#SPFBO Book Review: Transition by Olivia Rising
After selecting our shortlist, the Bibliosanctum team is taking a closer look at our potential finalists. We are busy reading the six books left on our original list of thirty and then each of us will review two of them. Stay tuned for our follow-up discussion on all of our picks to see who we choose to go on to the next round!
Genre: Superheroes, Urban Fantasy
Series: Anathema #1
Publisher: Olivia Rising (May 7, 2016)
Length: 400 pages
Author Information: Website
Transition revolves around two girls–Christina Chung, an outcast, and Sarina Baumann, a recovering drug addict–who gain powers during an event called The Pulse. During that even, the Earth’s electromagnetic field shifted briefly causing a worldwide blackout while wiping out one minute of everyone’s memory. As a result of this event, some people developed powers beyond their wildest dreams.Sabrina and Christina find their lives becoming considerably more complicated when the rogue hero Radiant enters their lives.
I’m a huge superhero fan. I love superhero themed comics, movies, shows, whatever. I’ll consume superhero stories in whatever format I can get my hands on. I love superhero origins stories, people discovering their true potential to become heroes (or villains), and their path to greatness (or infamy). I enjoyed the origin story that Rising is telling with Christina and Sabina. I preferred Christina’s story over Sarina’s. Christina just seemed the more compelling of the two, but both characters add an interesting angle to the story. While the story itself is familiar since many hero stories start with some type of huge event that gives ordinary people powers, Rising’s storytelling and worldbuilding was excellent. You can tell that she put plenty of thought into this story.

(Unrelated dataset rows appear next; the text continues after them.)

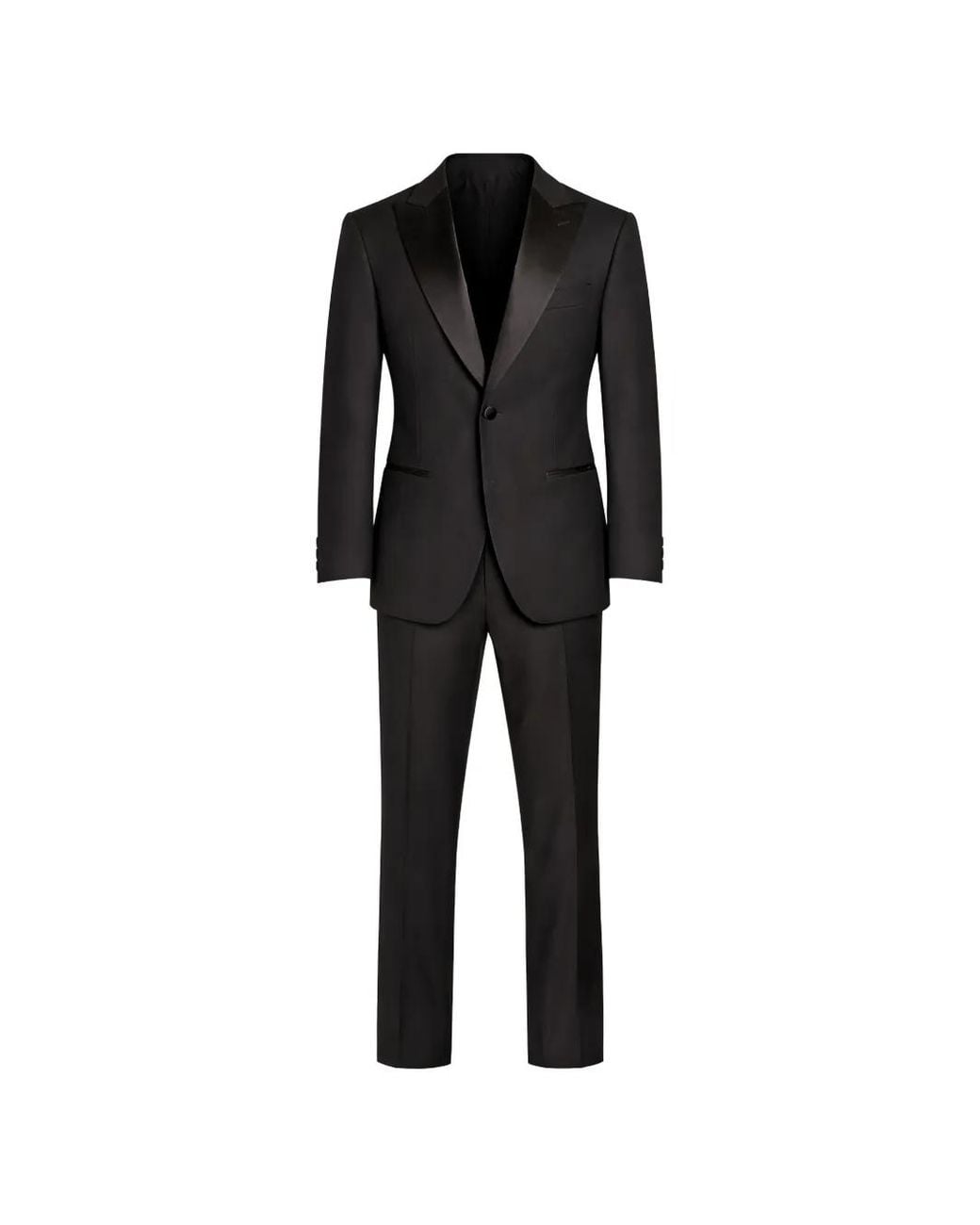 Pal Zileri Black Satin-Lapel Suit for men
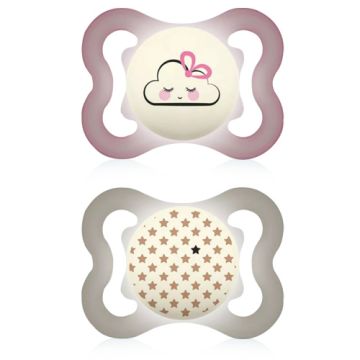 Mam Supreme Night Chupete Rosa-Blanco 2-6m 2 Uds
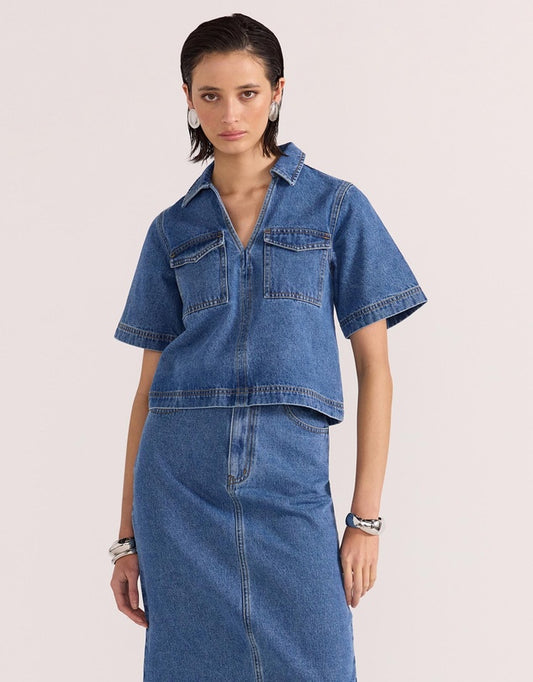 Staple the Label Alden Crop Denim Shirt in Mid-Blue - the tartan fox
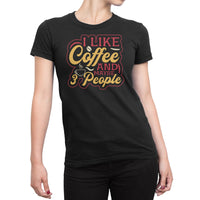
              I like Coffee And Maybe 3 People Red And Yellow Design Organic Womens T-Shirt
            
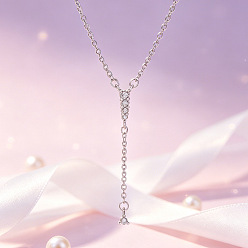 Platinum Brass Micro Pave Clear Cubic Zirconia Tassel Lariat Y Necklaces for Women, Platinum, 15.75 inch(40cm)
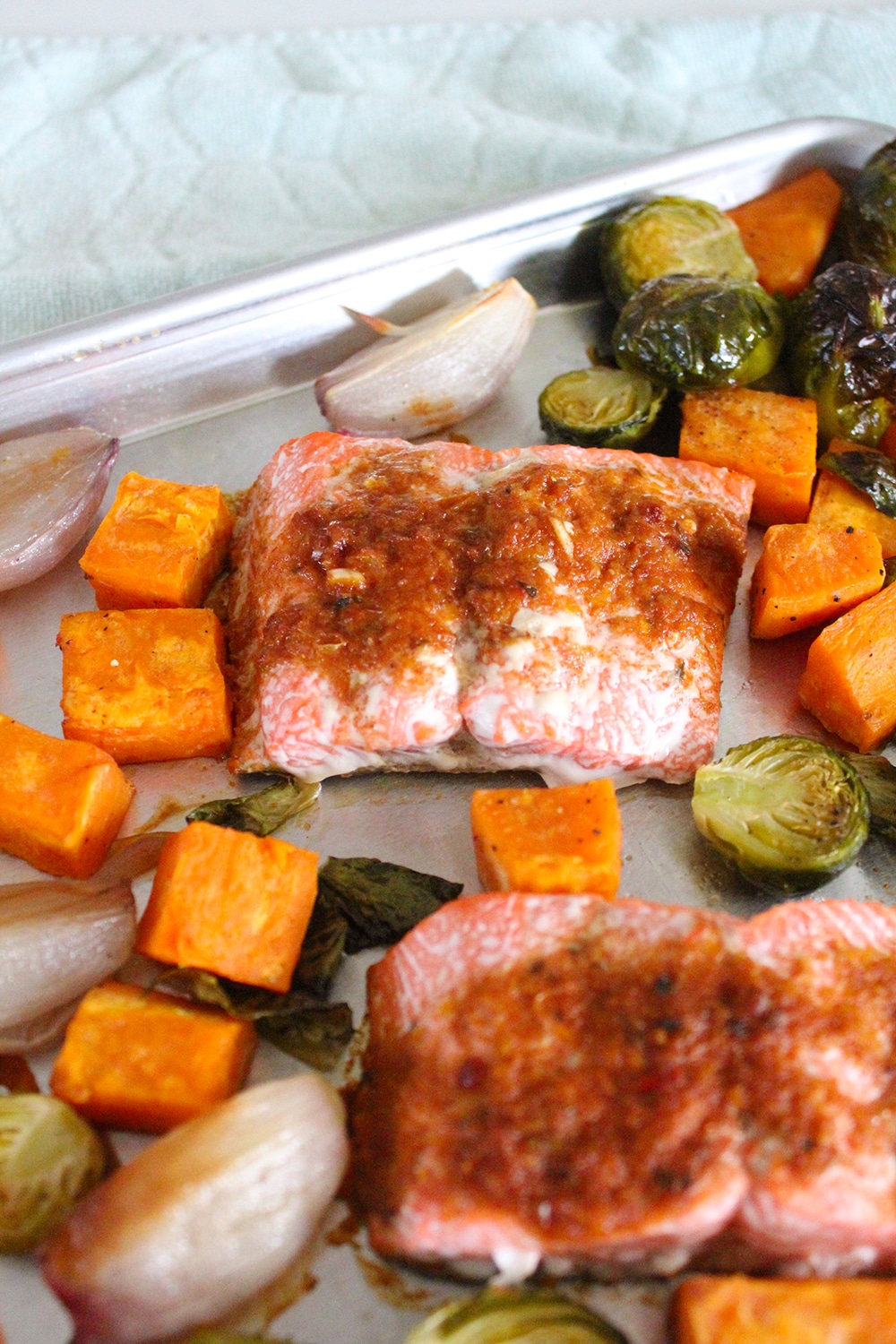 Orange Harissa Salmon Sheet Pan Recipe Whole30 Paleo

Let’s talk about a few not so great things about this book. I liked this, but it is very much a New Adult story, which may be a bit of a turn-off for some readers. It does fall into some of the Young Adult/New Adult trappings that can make adult readers roll their eyes such as Christina’s whole preferring guy friends to girl friends because girls are petty. However, she seems to be just as petty as the girls she dislikes so much. The story could’ve been knit together a bit better than it was. Some sections of this story just seem to go on a tangent that didn’t feel like it connected to the rest of the story. Parts of this story could also feel a little slow and may tempt readers to skip a few pages until they get to the good stuff.
I think this is a good starting point for the story that she wants to tell. It’s more of a slow burn as you learn about the characters, their powers, and this world they’re in. Despite some hiccups with the narrative, Rising has created a world that might be worth following into another book.